A pipelined assembly line would have cars at different stages of completion moving through the line at all times. No station is ever empty, and as a result, the pipelined assembly line puts out cars at a much higher rate than the non-pipelined one.

A pipelined CPU works in the same way. In a pipelined CPU, there is one instruction at each of the four steps of execution at (ideally) all times. Thereby we don't have unused CPU components. This is illustrated in the figure below:



A 4-stage pipelined CPU. Source: Wikimedia, author: Cburnett, CC-SA3.0

Note the following: The first instruction (green) takes 4 cyles to complete, as expected since it has to go through 4 stages and each takes one CPU clock. However, once the pipeline is full, the CPU appears to be completing one instruction at each CPU cycle.
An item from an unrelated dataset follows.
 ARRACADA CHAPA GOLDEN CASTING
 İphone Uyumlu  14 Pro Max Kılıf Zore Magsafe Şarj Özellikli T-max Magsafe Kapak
A non-pipelined CPU would take 16 clock cycles to complete the 4 instructions shown above. The pipelined CPU takes only 8. If the instruction stream was much longer, and the pipeline remained full, the performance of the pipelined CPU would approach 4x the performance of the non-pipelined one (in terms of completing instructions in any case).

All modern CPUs are pipelined. However, they do not have only 4-stage pipelines like the simple one shown above. This is because of the following:

- Since each stage of execution must have enough time to do its work. The maximum clock rate is determined by the stage in the pipeline that takes the longest time to complete
- However, we could *break-up* each of the stages in the pipeline into smaller steps that can be completed in less time thereby allowing for a higher clock rate

UTSC

And so modern CPUs have pipelines between 5 and 19 steps in length – and in effect, there are pipelines of different lengths within the same CPU as different *execution units* will take more or fewer steps to carry out when working on their instructions.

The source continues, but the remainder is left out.